Exam Tip: When two shapes have equal areas, use that equivalence to transfer information from one shape to another in your calculations.
Question 7. The perimeter of a trapezium is 52 cm. If its non-parallel sides are 10 cm each and its altitude is 8 cm, find the area of the trapezium.
Answer: Let the parallel sides be AB and CD, with non-parallel sides DA and BC each measuring 10 cm.
In right triangle DAL (where DL is the altitude = 8 cm):
DA² = DL² + AL²
10² = 8² + AL²
100 = 64 + AL²
AL = 6 cm
Similarly, the altitude from C meets AB at M, and BM = 6 cm (by symmetry).
Perimeter = AB + BC + CD + DA = 52
Sum of parallel sides = Perimeter - 2(non-parallel side) = 52 - 2(10) = 32 cm
Area = (1/2) × (sum of parallel sides) × altitude = (1/2) × 32 × 8 = 128 cm²
In simple words: Use the right triangle formed by the altitude to find segments on the parallel sides. The perimeter gives you the sum of the parallel sides directly once you subtract the non-parallel sides.
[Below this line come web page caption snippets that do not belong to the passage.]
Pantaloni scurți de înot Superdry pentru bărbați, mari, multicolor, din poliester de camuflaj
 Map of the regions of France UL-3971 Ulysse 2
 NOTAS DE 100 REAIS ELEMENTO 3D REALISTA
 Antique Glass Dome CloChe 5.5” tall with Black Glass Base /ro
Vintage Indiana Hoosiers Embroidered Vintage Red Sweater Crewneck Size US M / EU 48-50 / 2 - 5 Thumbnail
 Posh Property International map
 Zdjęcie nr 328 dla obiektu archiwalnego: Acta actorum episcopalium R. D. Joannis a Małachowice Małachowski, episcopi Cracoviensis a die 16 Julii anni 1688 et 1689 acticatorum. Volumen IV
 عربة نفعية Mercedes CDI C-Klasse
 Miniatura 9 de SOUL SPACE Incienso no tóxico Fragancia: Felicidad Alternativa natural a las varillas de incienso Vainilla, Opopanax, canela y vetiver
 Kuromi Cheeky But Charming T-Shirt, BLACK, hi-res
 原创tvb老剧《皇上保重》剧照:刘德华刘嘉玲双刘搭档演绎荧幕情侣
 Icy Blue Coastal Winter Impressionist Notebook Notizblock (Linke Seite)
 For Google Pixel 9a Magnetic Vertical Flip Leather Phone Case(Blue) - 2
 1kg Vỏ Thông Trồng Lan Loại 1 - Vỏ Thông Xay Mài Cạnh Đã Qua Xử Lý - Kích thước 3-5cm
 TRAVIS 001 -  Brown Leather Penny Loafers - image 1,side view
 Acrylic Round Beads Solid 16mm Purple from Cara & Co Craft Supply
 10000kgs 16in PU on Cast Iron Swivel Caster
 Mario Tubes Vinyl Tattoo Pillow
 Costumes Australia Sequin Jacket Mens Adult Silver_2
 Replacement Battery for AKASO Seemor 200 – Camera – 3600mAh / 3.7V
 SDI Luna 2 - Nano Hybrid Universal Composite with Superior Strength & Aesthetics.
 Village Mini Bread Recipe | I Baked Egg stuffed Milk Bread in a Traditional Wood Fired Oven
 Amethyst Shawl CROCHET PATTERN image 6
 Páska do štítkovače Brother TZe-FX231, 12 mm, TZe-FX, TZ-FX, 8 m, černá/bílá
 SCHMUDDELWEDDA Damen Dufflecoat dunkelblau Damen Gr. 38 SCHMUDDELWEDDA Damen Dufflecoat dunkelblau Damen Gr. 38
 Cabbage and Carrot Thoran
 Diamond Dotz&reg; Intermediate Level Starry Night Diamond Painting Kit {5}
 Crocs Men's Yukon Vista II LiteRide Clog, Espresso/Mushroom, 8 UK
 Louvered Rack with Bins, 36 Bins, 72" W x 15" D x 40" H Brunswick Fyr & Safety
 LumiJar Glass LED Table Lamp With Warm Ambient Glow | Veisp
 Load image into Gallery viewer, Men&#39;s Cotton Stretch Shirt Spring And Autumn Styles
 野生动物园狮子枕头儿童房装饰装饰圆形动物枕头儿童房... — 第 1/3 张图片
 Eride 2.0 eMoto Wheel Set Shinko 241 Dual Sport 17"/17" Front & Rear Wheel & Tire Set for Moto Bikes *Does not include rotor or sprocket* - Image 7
Then apply the trapezium area formula.
Exam Tip: When the trapezium is isosceles (non-parallel sides equal), the two altitude feet divide the longer parallel side into three parts: two equal end segments and a middle segment equal to the shorter parallel side.
Question 8. The area of a trapezium is 540 cm². If the ratio of parallel sides is 7 : 5 and the distance between them is 18 cm, find the lengths of parallel sides.
Answer: Let the parallel sides be 7x and 5x.
Area = (1/2) × (sum of parallel sides) × height
540 = (1/2) × (7x + 5x) × 18
540 = (1/2) × 12x × 18
540 = 108x
x = 5
Parallel sides: 7x = 35 cm and 5x = 25 cm
In simple words: Use the ratio to express both parallel sides as multiples of x. Substitute into the area formula and solve for x. Multiply x by the ratio numbers to get the actual side lengths.
Exam Tip: When dimensions are in a ratio, always express them as ratio multiples and solve for the common factor; then substitute back to get individual lengths.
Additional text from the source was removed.